One of Japan’s most important Zen Buddhist temples, Nanzenji was built in the thirteenth century as the retirement home for Emperor Kameyama before being converted into a religious building. The oldest of the surviving series of structures dates to the late 1500s, attracting both local and international tourists. Soaring over the treetops, one of the complexes most impressive structures in the mighty Sanmon Gate, constructed in 1628, which offers good overviews of the temples from its balcony.

9. Fushimi

What could be more Japanese than Fushimi, Kyoto’s sake district? Built around the banks of the Horikawa River to the south of the city centre (since the distilleries use the highly-regarded waters that flow past them), Fushimi boasts an impressive 40 – mainly traditional – breweries.

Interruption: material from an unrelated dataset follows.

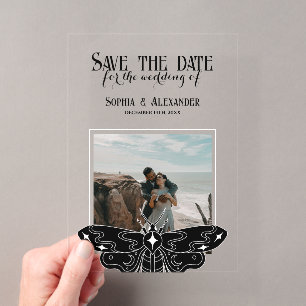 Gothic Moody Black and White Wedding photo Acrylic Invitations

Several are open to the public to explore how the rice wine is made, as well as providing tastings, but even if you aren’t a drinker it’s worth the short trip south in order to admire the wonderful wood and plaster buildings that typify the area.

10. Gion Matsuri

Gion Matsuri, or the Yasaka Shrine Festival, is a major festival that extends across much of July, with events coming to a head with an evening procession through the streets on July 16, and a huge parade of floats the following day. Standing up to 25 metres high, weighing 12 tons, and hauled by residents pulling on thick ropes, these floats are intricately decorated with traditional designs. But even more impressive if the fact that this celebration is believed to date back to 869 AD, in an attempt to end a disease epidemic by appeasing the gods.

What is Kyoto famous for? Final thoughts

If you were asking ‘what is Kyoto famous for’ before reading this article, hopefully you’ve already had your question answered! One of Japan’s most historic cities, having escaped much of the damage caused by the Second World War, there are a wide array of attractions to keep visitors intrigued and entertained in equal measure.